The rollout generation is bound to a single worker environment by implementing it as a Wrapper class.

clear_abort()¶: Clear the abort flag.

generate_evaluation(policy: Union[maze.core.agent.policy.Policy, maze.core.agent.torch_model.TorchModel]) → maze.train.trainers.es.distributed.es_distributed_rollouts.ESRolloutResult ¶

Generate a single evaluation rollout.

Parameters: policy – Multi-step policy encapsulating the policy networks

:return A result set with a single evaluation rollout

generate_training(policy: Union[maze.core.agent.policy.Policy, maze.core.agent.torch_model.TorchModel], noise_stddev: float) → maze.train.trainers.es.distributed.es_distributed_rollouts.ESRolloutResult ¶

Generate a single training sample, consisting of two rollouts, obtained by adding and subtracting the same random perturbation vector from the policy.

Parameters

policy – Multi-step policy encapsulating the policy networks.
noise_stddev – The standard deviation of the applied parameter noise.
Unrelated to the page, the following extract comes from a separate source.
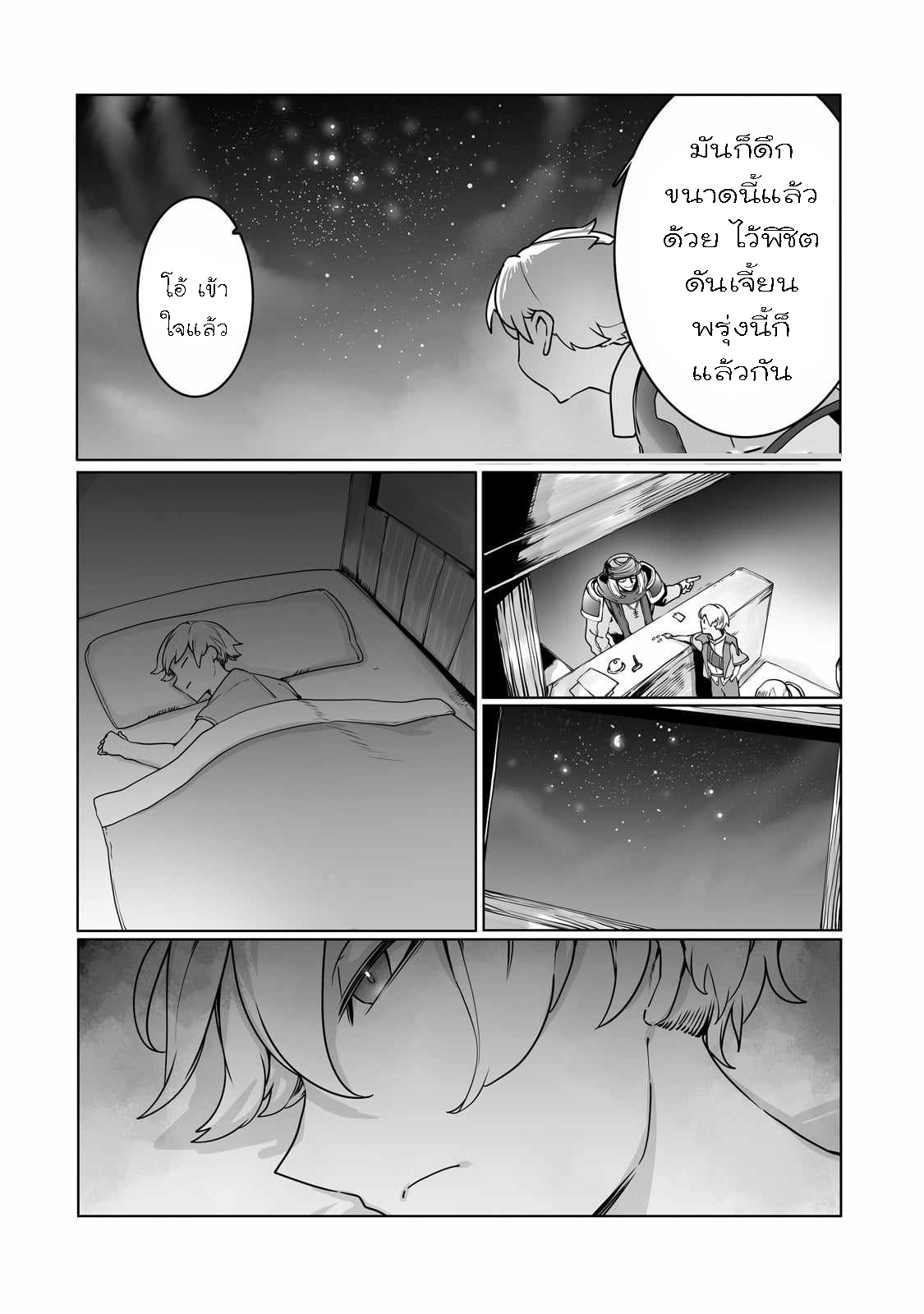 อ่านการ์ตูน The Useless Tamer Will Turn into the Top Unconsciously by My Previous Life Knowledge 36 ภาพที่ 20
:return A result set with a pair of rollouts generated by adding/subtracting the perturbations: (antithetic sampling)

rollout(policy: Union[maze.core.agent.policy.Policy, maze.core.agent.torch_model.TorchModel]) → None ¶

Use the passed policy to step the environment until it is done.

This method does not return any results, query the episode statistics instead to process the results.

Parameters: policy – Multi-step policy encapsulating the policy networks

set_abort()¶: Abort the rollout (intended to be called from a thread).